Ms. Maisamoa’s family house was among those destroyed. Progress on rebuilding it was hampered because hardware supplies were scarce as a result of high demand after the disaster. Ms. Maisamoa, 38, is a farmer, market vendor and President of the Rakiraki Market Vendors Association. She sells fish, cooked food, root crops and fruit, and has been selling at Rakiraki Market for 11 years. She lives with her husband and six children.

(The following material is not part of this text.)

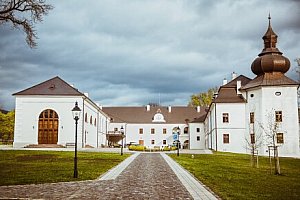 CHKO Ponitří v Chateau Appony **** s polopenzí, wellness s panoramatickým bazénem a historickou knihovnou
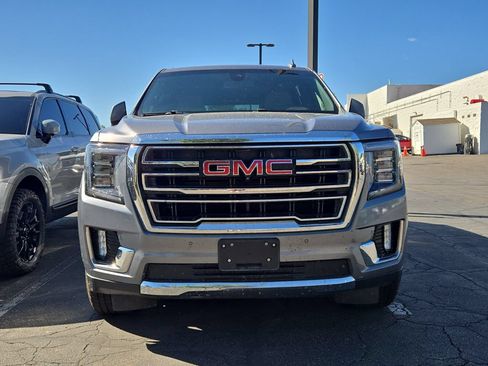 Used 2022 GMC Yukon XL SLT w/ SLT Premium Package AWD/4WD image 2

Farmer Litia Timai, with her son Waisake Raelala, 3, received agricultural supplies and information booklets as part of UN Women’s response to Tropical Cyclone Winston. Photo: UN Women/Lauretta Ah Sam

The original building at Rakiraki Market had stood for about four decades until the cyclone. The central produce hall used by the vegetable vendors and the newly-built accommodation centre for female vendors were both destroyed. With funding from the Government of Australia, UN Women erected tents and supplied tables and chairs so the vendors could return to Rakiraki and nine other Fiji markets that were the most affected. Work to rebuild Rakiraki Market will be completed in 12 months, an initiative supported by the Government of Australia through UN Women’s Markets for Change project.

In the aftermath of the cyclone, vendors and the farmers who supply them rolled up their sleeves and carried on. Homes were rebuilt, crops replanted and farmers worked together to restock agricultural produce and breathe life back into Rakiraki Market stalls. Again with funding from the Government of Australia, UN Women helped by distributing vegetable seeds, fertilizer, insecticide and basic farming tools in collaboration with the Fiji Government. This benefited over 1,580 of the worst-affected vendor- farmers across the country.

Litia Timai, 28, was among those who made good use of the agricultural supplies. She and her husband grow tomatoes, chillies, beans, cassava, sweet potatoes and cucumbers and supply their produce to Rakiraki and Suva Markets. "I'm happy to be a woman farmer because sometimes our husbands are lazy, but we women can do things by ourselves. A month after Winston we started to plant again," she said.

UN Women’s Fiji Multi-Country Office Representative, Aleta Miller, said that “assisting women vendor-farmers to quickly return to their income-generating activities is critical as women dominate marketplaces, and many lose their only source of income when market sites are not operating to their full potential.”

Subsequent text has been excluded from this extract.